In 1981, Domokos left Kawasaki and signed with Honda. Domokos and Honda worked together to engineer custom motorcycles for Domokos that did wheelies better. By then, he was traveling all over the world to wheelie for all kinds of people. With Honda he went to England, France, Netherlands, Italy, Mexico, and South America. He also performed in Japan for the Emperor. Three years later, Domokos attempted to break the world record for the longest wheelie on a motorcycle. He made it into the Guinness Book of World Records with his 145-mile-long wheelie at Talladega Speedway. This record would stand for over eight years. Domokos had many other accomplishments, including the World's Tallest Wheelie by doing five circles on the roof of the Empire State Building. Also, he held the world records for wheelying with eight passengers on a three-wheeler and six passengers on an ATV.

== Accomplishments ==
Domokos held many world records such as the World's Longest Wheelie, and the World's Tallest Wheelie.
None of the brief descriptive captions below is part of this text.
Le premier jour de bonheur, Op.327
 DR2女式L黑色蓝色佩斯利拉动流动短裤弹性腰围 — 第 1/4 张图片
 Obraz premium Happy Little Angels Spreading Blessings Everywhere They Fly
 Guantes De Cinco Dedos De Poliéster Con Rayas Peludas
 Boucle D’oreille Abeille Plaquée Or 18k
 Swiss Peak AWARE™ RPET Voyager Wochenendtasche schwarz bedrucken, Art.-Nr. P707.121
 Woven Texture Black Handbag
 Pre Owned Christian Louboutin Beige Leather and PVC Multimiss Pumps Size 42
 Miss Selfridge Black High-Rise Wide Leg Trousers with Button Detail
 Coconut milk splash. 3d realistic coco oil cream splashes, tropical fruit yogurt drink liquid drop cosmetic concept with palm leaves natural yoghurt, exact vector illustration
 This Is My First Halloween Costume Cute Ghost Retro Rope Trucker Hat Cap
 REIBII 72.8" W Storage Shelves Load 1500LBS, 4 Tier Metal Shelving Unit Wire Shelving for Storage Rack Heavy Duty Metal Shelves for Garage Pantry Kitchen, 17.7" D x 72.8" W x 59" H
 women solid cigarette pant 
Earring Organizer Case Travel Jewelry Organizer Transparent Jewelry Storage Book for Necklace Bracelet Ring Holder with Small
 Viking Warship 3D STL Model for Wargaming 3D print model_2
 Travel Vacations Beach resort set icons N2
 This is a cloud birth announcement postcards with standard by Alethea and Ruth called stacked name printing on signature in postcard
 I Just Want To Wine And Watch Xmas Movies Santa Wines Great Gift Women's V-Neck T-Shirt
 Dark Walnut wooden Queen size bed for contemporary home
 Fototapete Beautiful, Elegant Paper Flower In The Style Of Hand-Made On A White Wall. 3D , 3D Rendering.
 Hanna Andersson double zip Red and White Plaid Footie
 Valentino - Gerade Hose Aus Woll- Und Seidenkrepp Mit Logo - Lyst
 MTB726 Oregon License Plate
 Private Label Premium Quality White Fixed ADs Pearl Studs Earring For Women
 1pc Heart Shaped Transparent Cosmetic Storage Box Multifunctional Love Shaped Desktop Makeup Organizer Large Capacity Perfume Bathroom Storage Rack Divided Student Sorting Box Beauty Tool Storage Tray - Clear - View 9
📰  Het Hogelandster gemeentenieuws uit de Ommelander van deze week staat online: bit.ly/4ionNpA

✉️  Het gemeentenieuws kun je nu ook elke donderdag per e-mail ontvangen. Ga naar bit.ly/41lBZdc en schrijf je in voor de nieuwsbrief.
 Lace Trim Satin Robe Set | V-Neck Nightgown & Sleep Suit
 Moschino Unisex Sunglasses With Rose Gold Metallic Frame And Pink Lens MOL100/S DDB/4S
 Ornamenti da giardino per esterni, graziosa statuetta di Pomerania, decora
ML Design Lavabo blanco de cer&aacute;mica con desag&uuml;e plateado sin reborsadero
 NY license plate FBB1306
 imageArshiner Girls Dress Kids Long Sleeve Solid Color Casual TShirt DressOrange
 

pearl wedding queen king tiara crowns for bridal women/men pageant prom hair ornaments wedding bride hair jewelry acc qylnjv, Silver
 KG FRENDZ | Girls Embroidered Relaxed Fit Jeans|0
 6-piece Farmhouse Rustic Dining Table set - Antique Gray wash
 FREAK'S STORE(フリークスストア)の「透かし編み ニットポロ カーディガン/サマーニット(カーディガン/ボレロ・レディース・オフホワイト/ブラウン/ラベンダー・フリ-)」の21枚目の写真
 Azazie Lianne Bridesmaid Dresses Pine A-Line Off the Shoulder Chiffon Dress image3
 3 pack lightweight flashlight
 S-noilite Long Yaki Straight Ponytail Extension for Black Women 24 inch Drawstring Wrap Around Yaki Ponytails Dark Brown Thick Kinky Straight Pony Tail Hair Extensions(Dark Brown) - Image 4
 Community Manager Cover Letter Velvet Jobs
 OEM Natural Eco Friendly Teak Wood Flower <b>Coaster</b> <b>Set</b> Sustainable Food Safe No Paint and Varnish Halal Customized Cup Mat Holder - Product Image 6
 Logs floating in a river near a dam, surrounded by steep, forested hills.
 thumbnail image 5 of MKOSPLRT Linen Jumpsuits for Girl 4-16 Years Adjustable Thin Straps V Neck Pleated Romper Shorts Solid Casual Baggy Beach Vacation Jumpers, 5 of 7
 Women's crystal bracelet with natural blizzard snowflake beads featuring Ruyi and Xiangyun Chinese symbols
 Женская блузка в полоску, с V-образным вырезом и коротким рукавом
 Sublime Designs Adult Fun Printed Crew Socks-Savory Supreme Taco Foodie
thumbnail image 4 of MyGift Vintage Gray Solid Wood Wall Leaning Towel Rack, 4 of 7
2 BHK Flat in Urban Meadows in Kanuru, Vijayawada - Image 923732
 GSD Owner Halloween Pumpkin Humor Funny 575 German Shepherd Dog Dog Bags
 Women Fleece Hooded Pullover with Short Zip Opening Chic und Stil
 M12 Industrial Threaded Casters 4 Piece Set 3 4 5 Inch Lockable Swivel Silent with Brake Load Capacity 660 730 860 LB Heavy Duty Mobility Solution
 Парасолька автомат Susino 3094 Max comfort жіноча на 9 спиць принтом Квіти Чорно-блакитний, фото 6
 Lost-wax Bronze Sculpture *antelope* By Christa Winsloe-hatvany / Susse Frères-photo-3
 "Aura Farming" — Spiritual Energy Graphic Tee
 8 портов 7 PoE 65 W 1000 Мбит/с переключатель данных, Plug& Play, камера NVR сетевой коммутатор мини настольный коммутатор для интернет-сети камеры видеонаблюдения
He was featured in countless magazines and videos, and even wrote his own book, "Wheelyin' with the King." From the 1980s to 1990's motorsport fans worldwide knew his name. Also, Domokos performed many shows to help raise money for various charities and organizations.

On November 26, 2000, Domokos died at age 44 in an ultralight aircraft accident in Murrieta, California. Domokos' instructor, Keith Lamb, was also killed. Domokos and his fiancée had one son, Nikolas.